GayandRight

My name is Fred and I am a gay conservative living in Ottawa. This blog supports limited government, the right of the State of Israel to live in peace and security, and tries to expose the threat to us all from cultural relativism, post-modernism, and radical Islam. I am also the founder of the Free Thinking Film Society in Ottawa (www.freethinkingfilms.com)

Friday, October 30, 2009

The problem of climate change models....

Our climate change models are still very, very primitive...
Two years ago, a United Nations scientific panel won the Nobel Peace Prize after concluding that global warming is "unequivocal" and is "very likely" caused by man.

Then came a development unforeseen by the U.N.'s Intergovernmental Panel on Climate Change, or IPCC: Data suggested that Earth's temperature was beginning to drop.

That has reignited debate over what has become scientific consensus: that climate change is due not to nature, but to humans burning fossil fuels. Scientists who don't believe in man-made global warming cite the cooling as evidence for their case. Those who do believe in man-made warming dismiss the cooling as a blip triggered by fleeting changes in ocean currents; they predict greenhouse gases will produce rising temperatures again soon.

The reality is more complex.

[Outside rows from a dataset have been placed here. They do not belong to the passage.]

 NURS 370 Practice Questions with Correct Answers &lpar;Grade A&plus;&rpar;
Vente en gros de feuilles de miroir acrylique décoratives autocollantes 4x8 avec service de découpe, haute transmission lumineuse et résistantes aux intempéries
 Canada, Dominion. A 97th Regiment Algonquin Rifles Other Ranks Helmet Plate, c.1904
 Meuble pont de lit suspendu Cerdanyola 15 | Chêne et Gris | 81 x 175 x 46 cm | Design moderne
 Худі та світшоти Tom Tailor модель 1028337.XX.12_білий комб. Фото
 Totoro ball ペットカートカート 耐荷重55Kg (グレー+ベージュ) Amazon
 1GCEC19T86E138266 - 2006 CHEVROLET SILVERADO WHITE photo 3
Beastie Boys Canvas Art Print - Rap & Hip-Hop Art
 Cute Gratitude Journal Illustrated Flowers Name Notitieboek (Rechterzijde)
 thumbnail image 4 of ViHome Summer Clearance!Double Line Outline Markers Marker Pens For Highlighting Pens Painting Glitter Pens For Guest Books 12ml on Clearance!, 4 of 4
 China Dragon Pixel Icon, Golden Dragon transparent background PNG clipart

A few years of cooling doesn't mean that people aren't heating up the planet over the long term. But the cooling wasn't predicted by all the computer models that underlie climate science. That has led to one point of agreement: The models are imperfect.

"There is a lot of room for improvement" in the models, says Mojib Latif, a climate scientist in Germany and co-author of a paper predicting the planet will cool for perhaps a decade before starting to warm again -- a long-term trend he attributes to greenhouse-gas emissions. "You need to know what you can believe and can't believe from the models."

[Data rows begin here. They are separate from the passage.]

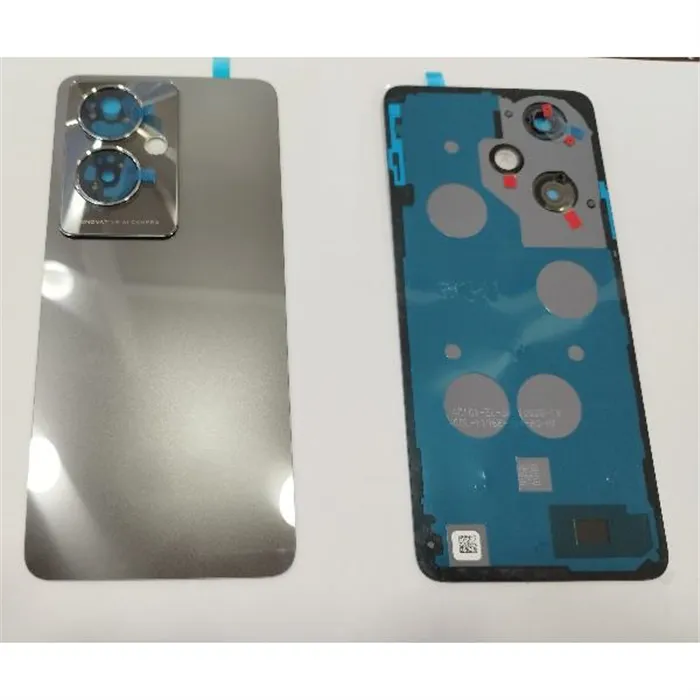 Tapa trasera o tapa bateria con lente de camara color negro para Oppo A79 5G CPH2553 calidad premium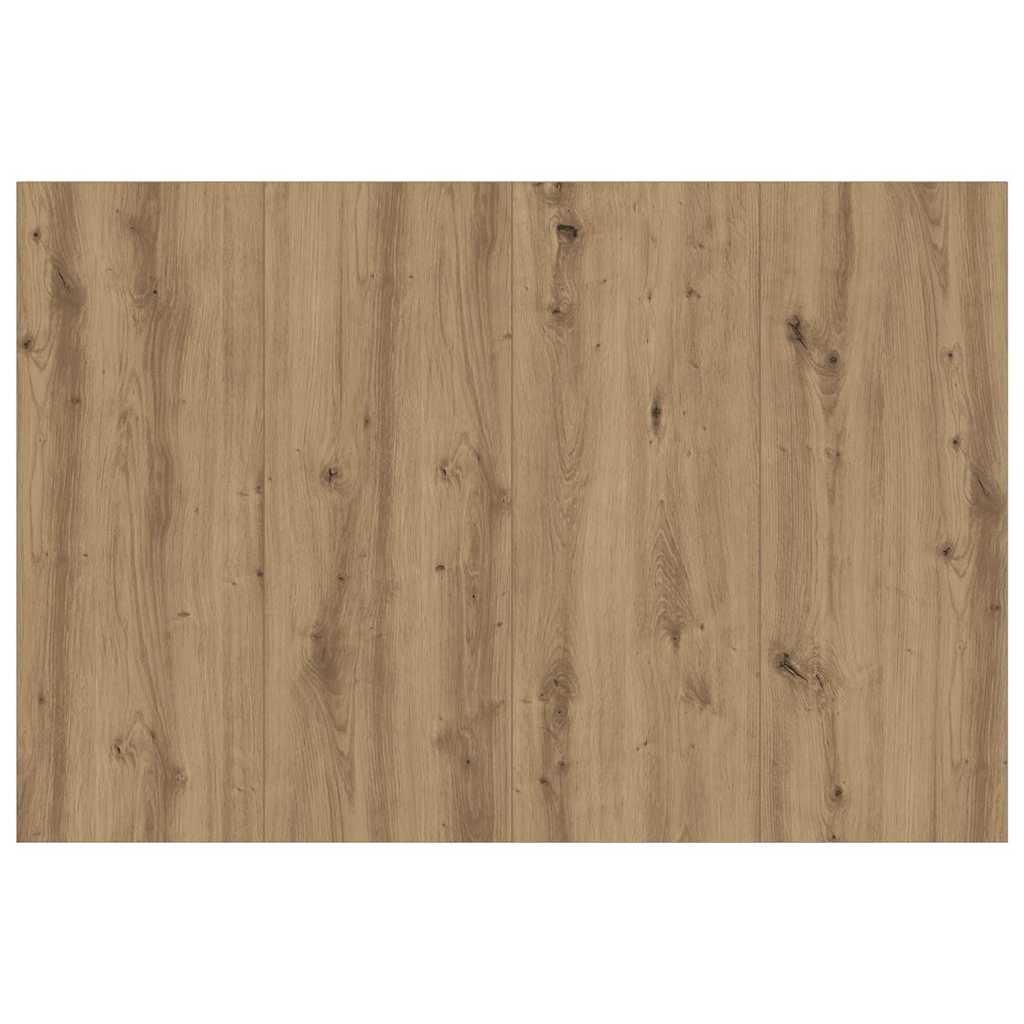 Hoofdbord Met Kast met lade 3 pcs Artisan Eiken Bewerkt hout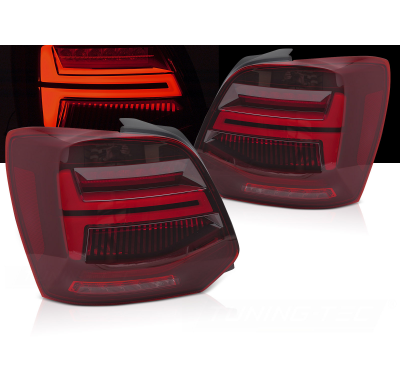 PILOTOS TRASEROS LED BARRA LED ROJA para VW POLO V 09-17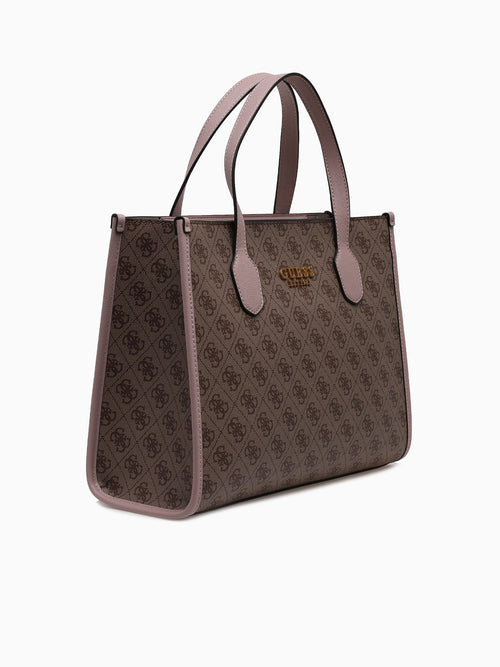 Silvana Small Tote Latte Logo Rosewood Light Pink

The renewed discussion of inherent shortcomings in climate models comes on the cusp of potentially big financial commitments. In five weeks, diplomats from around the world will meet in Copenhagen to try to hash out a new agreement to curb global greenhouse-gas emissions. The science continues to evolve.

The goal of climate models is to project how rising greenhouse-gas emissions will interact with natural forces to affect the global temperature. The models are technological marvels. Using supercomputers, they divide the world into grids of roughly 4,000 cubic miles apiece. The grids are stacked, one on top of the other, up through the atmosphere.

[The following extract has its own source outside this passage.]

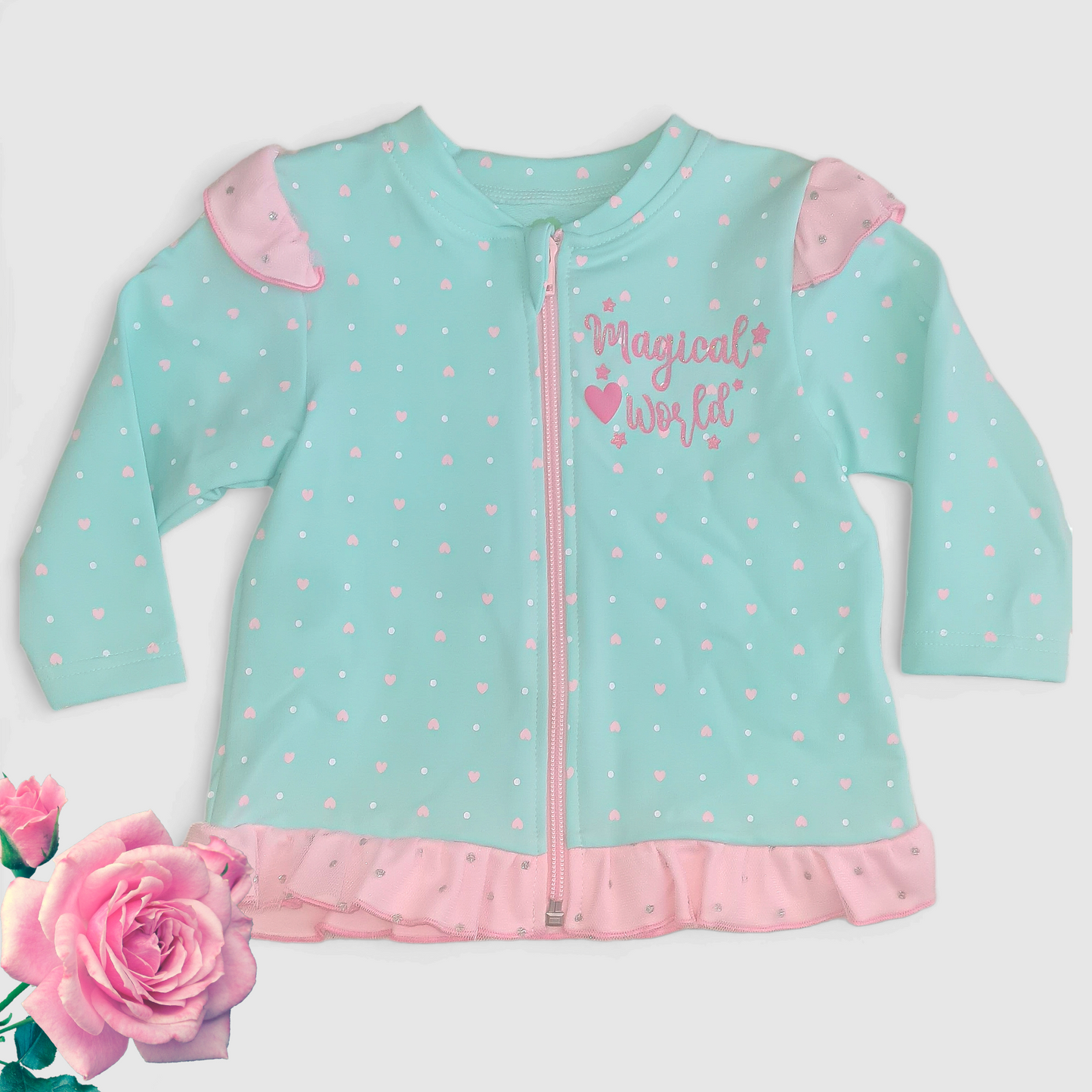 Gilet zip " Licorne"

It is complicated stuff. The models consist of dozens of equations written to reflect how liquids and gases move about the planet. Just as a symphony's sound is affected by the crash of symbols or the pluck of a violin string, the planet's future temperature is influenced by powerful ocean currents and tiny specks of sea salt. In between are other players, such as sunlight, clouds and rain.

Added to the equations are such measurements as past temperatures, barometric pressure and sea salinity. Calculations about the influence of sunlight are entered. Then various projections of greenhouse-gas emissions are factored in. The computers run the equations and generate projections of global temperatures.

The models are only as good as the information they are fed. One big uncertainty is ocean temperature. Oceans trap huge amounts of heat, and they process by which they release it over time affects the temperature of the planet. But there isn't a lot of actual data, because the vastness of the oceans makes gathering temperature data costly and arduous.

The success of the models also depends on the soundness of their assumptions. The effects of clouds, for example, are unclear. Depending on their shape and altitude, clouds can either trap heat, warming the earth, or reflect it, cooling the planet. The way that greenhouse gases affect cloud formation -- and how clouds in turn affect temperature -- remains a subject of debate. Different models treat these factors differently.

3 Comments:

Anonymous Anonymous said...

Thank you for your post.

5:30 PM  
Anonymous Anonymous said...

The fact of models is that they can be made to say or predict whatever someone wants them to.

And there's little doubt left that they have been crafted to do exactly that.

AGW is the mother of all scams from the word go.

6:01 PM  
Anonymous Anonymous said...

"That has reignited debate over what has become scientific consensus".

There is no such animal as "consensus" in real science. Something is either true or it is false and there is a scientific methodology to verify which. Unfortunately, it has not been employed in climate change.